Bevor ich die Modelle vorstelle, ein paar Worte zu den Originalen und deren Urhebern. Die Stücke entstanden in einem Zeitrahmen von vier Jahren: 2001 (Thomas Adès’ Orchestergesang mit dem Titel Brahms und Jörg Widmanns Doppelkonzert Polyphone Schatten für Viola, Klarinette und Orchestergruppen) und 1997–99 (Olga Neuwirths Musiktheaterstück Bählamms Fest).[2] Die Komponisten waren damals ungefähr gleich alt; ihre Geburtsdaten liegen nicht mehr als fünf Jahre auseinander: 1971 (Adès), 1973 (Widmann), 1968 (Neuwirth). Wahrscheinlich kann man sagen, sie gehörten derselben Generation an.
Die drei Stücke spielen mit Assoziationen an die neuere Musikgeschichte: an das spezifische Material und den unfeinen Klang von Brahms’ 4. Symphonie (Adès), an die Klangfläche zu Beginn und am Schluss von Richard Strauss’ Alpensinfonie (Widmann) und an die Liedzitate in Alban Bergs Wozzeck (Neuwirth). Auch die Charaktere der Stücke ähneln sich; ich nenne sie vorläufig humoresk (Adès) – eine Art Cartoon in Öl –, kapriziös (Widmann) und grotesk (Neuwirth). In allen drei Fällen handelt es sich um Werke mit Orchester; doch weisen die Besetzungen beträchtliche Unterschiede auf: bei Adès beinahe ein Standardorchester, bei Widmann eine besondere Zusammenstellung der Instrumente, bei Neuwirth als Ausgangspunkt eine große Standardbesetzung, die extrem zum Kammerensemble ausgedünnt und dann mit Zusatzinstrumenten versehen ist. Alle drei Stücke sind offenbar ohne systematische Zeitstrukturierung und Tonhöhenkalkulation komponiert, aus dem Bauch heraus, dem Ohr folgend, auch ein wenig: aus dem Ärmel geschüttelt. Dieses Schreiben ist aber durchsetzt von den Ergebnissen einer mehr oder weniger ausgeprägten Sammelwut, dem Zusammentragen und der frappierenden Zusammenfügung des Gefundenen, bei Neuwirth bis hin zum Sammelsurium, wie in einer Wunderkammer.
Ich werde jeweils nur eine bestimmte kurze Partie der Stücke herausgreifen. Aspekte der Formbildung bleiben daher unberührt. Im Zentrum steht in allen drei Fällen Klangliches, dessen beide Hauptebenen anlangend: Tonhöhe und Klangfarbe.
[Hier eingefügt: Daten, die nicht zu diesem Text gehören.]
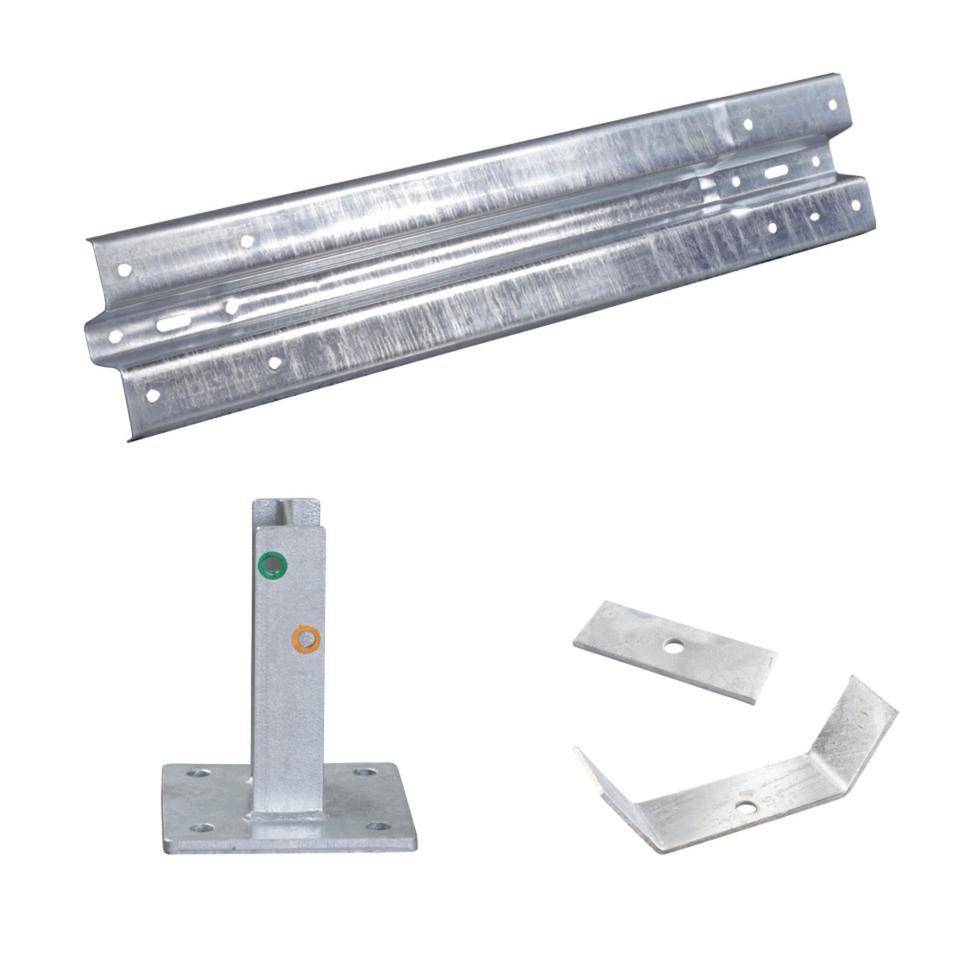 Erweiterungs-Set Stahlplanken Typ B, IPE 250, zum Aufdübeln, Baulänge 1,33m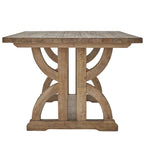 Paloma Farmhouse Reclaimed Wood 7-Piece Dining Set by iNSPIRE Q Artisan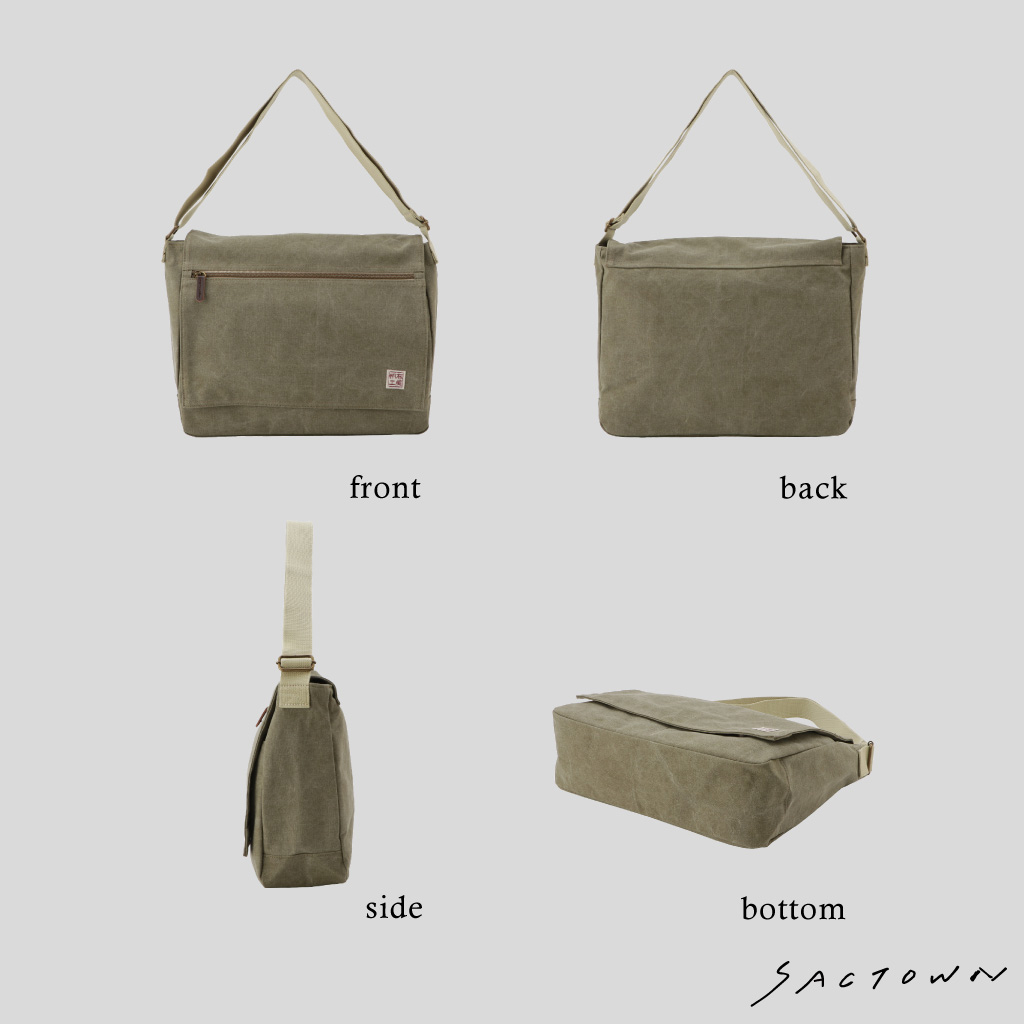 帆布 ショルダーバッグ FLAP SHOULDERシリーズ 3X81 [帆布工房 はんぷこうぼう] 帆布 キャンバス ショルダー斜め掛け A4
Nach meinen Hinweisen auf gewisse musikgeschichtliche Assoziationen könnte man annehmen, es solle von Modellen im Sinne frei gewählter kompositorischer Vorbilder oder Leitideen die Rede sein, solchen, an denen die Komponisten sich ab- oder auf die sie zuarbeiteten. Das Verhältnis zu solchen Vorbildern und Leitideen wird gewiss auch zu besprechen sein. Doch geht es mir darum, aus dem um 2000 Neu- und nicht etwa aus einem Nachkomponierten etwas zu entwickeln, das – natürlich vereinfachend – in seiner Struktur oder seiner Funktion dem entsprechenden Original analog ist. Die Modelle – gewissermaßen Nachbauten der Originale – sind zweckbestimmt:
Die Befragung eines nach dem Original konstruierten Modells soll neue Erkenntnisse über das Modell liefern, aus denen hypothetisch auf entsprechende Eigenschaften des Originals geschlossen werden kann (Modell als Werkzeug der Analyse).
Das Modell soll der Demonstration dienen. Was ich von dem Original weiß, wird für Zwecke der Lehre anknüpfend an Erfahrungen und das aktuelle Wissen des Schülers oder Studenten umcodiert (Modell als Medium einer Übertragung).
Das Modell soll der Variation und Projektierung dienen. Man abstrahiert bestimmte Züge vom Original und erprobt die Auslegungen, die das Modell zulässt (Modell als Leitfaden einer Stilkopie).
Modell zu Thomas Adès, Brahms
Zu den Tonhöhenverhältnissen: Der Vorrat einer Durtonleiter wird kombiniert mit den Vorräten zweier anderer Durtonleitern, die jeweils eine kleine Terz darüber und darunter liegen, zum Beispiel: zu C-Dur kommen Vorräte von A-Dur und Es-Dur hinzu. Die Tonvorräte sind in Terzenketten angeordnet und können gleichzeitig erklingen, und zwar so, dass sich immer auch vertikal Terzen ergeben. Die Vorräte beginnen zu rotieren, werden erweitert und mit Skalen verzahnt.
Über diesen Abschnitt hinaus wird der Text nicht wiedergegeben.